Avis de Adam Craponne : "Qui flatte le crocodile peut se baigner tranquille"
L’auteur est un Congolais du pays dont la capitale est Kinshasa, à ne pas confondre avec les Congolais habitant le bien plus petit pays dont la capitale est Brazzaville. Ces deux espaces ont été colonisés et christianisés intensément à la Belle Époque et dans l’Entre-deux-guerres ; toutefois un rapport déjà complexe avec le christianisme s’était développé à la fin du XVe siècle au royaume du Kongo avec son souverain Nzinga a Nkuwu. On sait que la capitale ce roi était Mbanza Kongo, aujourd’hui en Angola mais très près de la frontière congolaise, mais on ignore l’espace occupé par les peuples qui le reconnaissait comme souverain. On peut penser que, de la partie médiane de la côte angolaise à la côte du Gabon, il avait une certaine influence.
Antonio Manuel Nsaku ne Vunda: premier ambassadeur d'Afrique noire auprès du pape au début du XVIIe siècle (image absente de l'ouvrage)
L’univers du Congo-Brazzaville était, de façon progressive mais sûre, passé au catholicisme sous l’impulsion de l’évêque poitevin de Sinita Mgr Augouard qui finançait ses missions en évoquant du cannibalisme dans cette région. Dans Monseigneur Augouard un poitevin roi du Congo, l’auteur Maurice Mathieu reprend ceci sans aucune précaution.
Norbert Kalindula s’inquiète de ce qu’il pense des dérives, dans son pays, en matière de pratique du culte catholique et à l’esprit de syncrétisme qui pousse à aller chercher selon le type de question une aide soit dans le christianisme soit dans des pratiques anciennes et même dans un univers mental plein de superstitions. L’auteur appuie sa réflexion sur de nombreux écrits produits par Jean-Paul II et Benoît XVI (y compris ceux de la période où il n’était que cardinal) et de divers penseurs chrétiens très particulièrement Jean Ladrière qui fut durant les Trente glorieuses professeur de philosophie à l’université catholique de Louvain ainsi que Cibaka Cikongo prêtre et docteur en théologie né le 28 octobre 1967 et secrétaire exécutif de l’Assemblée Episcopale Provinciale de Kananga (au Congo non loin du nord-est de l’Angola) mais aussi Jean-Marc Ela théologien et sociologue africain d’origine camerounaise qui a été une figure marquante de la théologie de la libération en Afrique. Menacé de mort du fait qu’il tenait à découvrir les raisons et les meurtriers du père jésuite Engelbert Mveng assassiné en 1995 à Yaoundé, il dût s’exiler au Canada.

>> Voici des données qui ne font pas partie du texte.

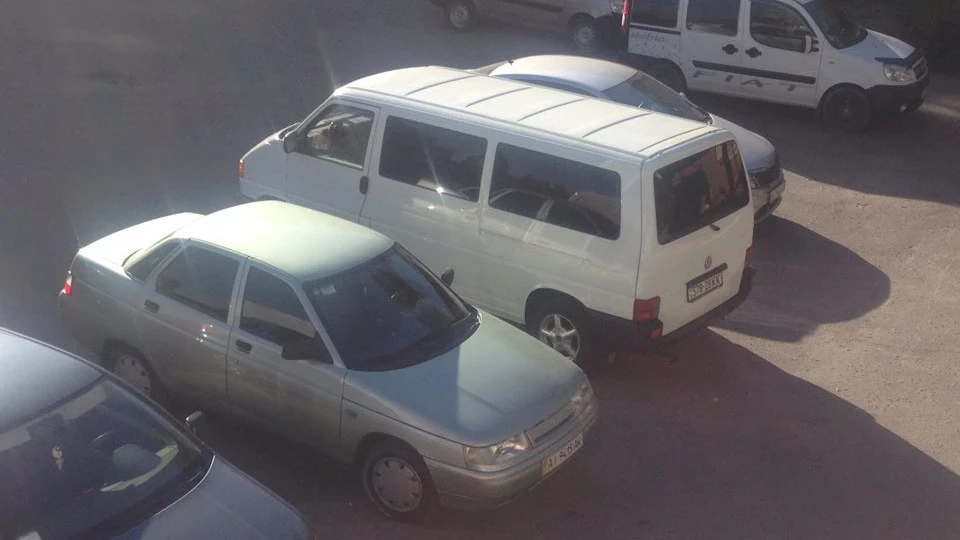 Volkswagen Caravelle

De ce fait il est difficile de citer un extrait d’un livre où les phrases prises à d’autres foisonnent. Significative pourrait être cette phrase qui se termine justement en citant Cibaka Cikongo :
« Ces baptisés comprendront que, quelles que soient les souffrances physiques et morales auxquelles ils sont confrontés, les pratiques magico-religieuses de leurs ancêtres, des sociétés sorcières et fétichistes, des sociétés secrètes et ésotériques, ne peuvent constituer des solutions durables, moins encore être érigées en "révélations parallèle et rivale à la Révélation chrétienne" » (pages 158-159).
L’Afrique francophone fait parti de ces régions où on trouve des pays de tradition catholique dans lesquels se développe une version anglo-saxonne du christianisme attachée à promettre parfois au moins autant une richesse matérielle qu'une richesse spirituelle. Ceci est une autre question, non abordée ici, qui nous semble aussi cruciale pour l’avenir du catholicisme et de la forme dominante du christianisme au XXIe siècle.
Il est à noter que, jusqu’à l’arrivée des Syriens, ces dernières années les Congolais de Kinshasa étaient les nationaux les plus nombreux à obtenir l’asile politique en France et parmi eux il y avait des prêtres qui avaient dû fuir leur pays pour s’être manifestés contre certaines exactions ou malversations. L’enlèvement et le meurtre de prêtres chrétiens est un phénomène malheureusement récurrent au Congo Kinshasa; l'Afrique produit là des martyrs, une compétence dont elle préférerait sûrement se passer.